岩溶地下河反硝化作用的有限性——一个碳酸盐岩管道的实验研究

反硝化作用是公认的去除水体中硝酸盐的路径,但相比于多孔介质,岩溶地下河中反硝化效果具有不确定性.为更好地认识岩溶地下河中反硝化效果,本研究利用天然碳酸盐岩管道几何模型,以乙醇为可利用电子供体(碳源),示踪了控制流速条件下管道流中反硝化作用,并辅以多孔介质流实验进行对比.反应示踪、地球化学印迹和微生物检测结果表明:当碳源缺乏时,反硝化作用没有明显启动的迹象;一旦补充了碳源,溶解氧、硝酸盐浓度和质量都出现了明显衰减,并且有中间产物亚硝酸盐产生,水体碱度增加.然而,即使在碳源充足情况下,管道流中反硝化强度却明显比多孔介质流中强度低,两者硝酸盐生物去除率分别为39.4%和大于99%,生物降解速率分别为0.113和10.8 mg·L~(-1)·h~(-1).推测其原因,一是碳酸盐岩管道内固体表面积与水体积比值低,固体吸着条件不利于微生物生长与发育,降低了硝酸盐去除率;二是管道富含的溶解氧可能延迟了反硝化作用启动,溶解氧降至3.0 mg·L~(-1)左右时硝酸盐浓度才有明显衰减.相比之下,其它环境因素如p H值和温度没有出现明显变化.该研究意义在于:岩溶管道流反硝化去除硝酸盐的潜能是存在的,但即使可利用碳源充足仍具有明显的局限性,这可能意味着岩溶地下河一旦遭受硝酸盐污染,其作为饮用水源的安全风险更大.

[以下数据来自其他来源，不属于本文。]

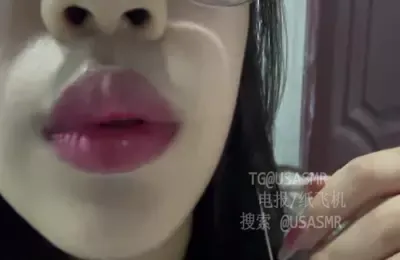楠楠nn是个胆小鬼_舔耳合集30V_甜屏7min (图1)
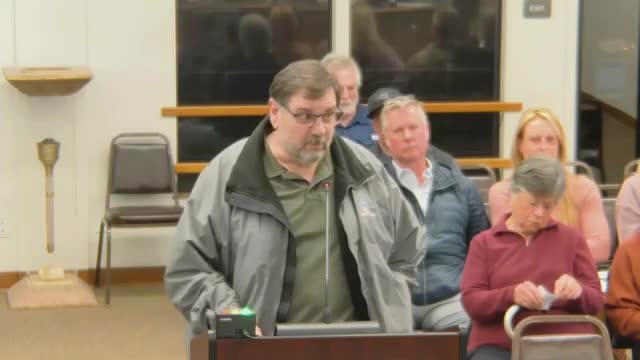 Residents urge council to address traffic before approving new developments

Limitation of denitrification in karst subterranean river: A carbonate-conduit experimental study

Denitrification is generally recognized as a path to remove nitrate in water, but compared with porous media, the effectiveness of denitrification in karst subterranean river is uncertain. In order to better understand the question, the denitrification in a geometric carbonate-conduit model was traced under the controlled flow condition and was compared with the experiment in porous media. The results indicate that there was no obvious denitrification when carbon source was lacking. Once ethanol was added as an available carbon source, the concentrations and qualities of both dissolved oxygen (DO) and nitrate were significantly attenuated. Moreover, nitrite as an intermediate occurred and the water alkalinity increased. However, in the case of carbon sources, the intensity of denitrification in the carbonate-conduit flow was significantly lower than that in porous media, even though carbon source was fully recharged. The two removal rates of nitrate were 39.4% and >99%, and the biodegradation rates were 0.113 and 10.8 mg·L^-1·h^-1, respectively. It was deduced that the ratio of solid surface area to water volume within the conduit was lower, so that the microbial solid-attached condition was decreased, which exerted impact on the microbial growth and development as well as the removal rate of nitrate. Additionally, rich DO in the conduit flow might delay the onset of denitrification. Nitrate concentrations attenuated significantly when DO dropped to about 3.0 mg·L^-1. In contrast, other environmental factors including pH and temperature had no significant change. This study highlights that bio-removal of nitrate by denitrification is of potential but with limitation in karst subterranean river even if available carbon source is adequate, which may increase the safety risk of drinking water.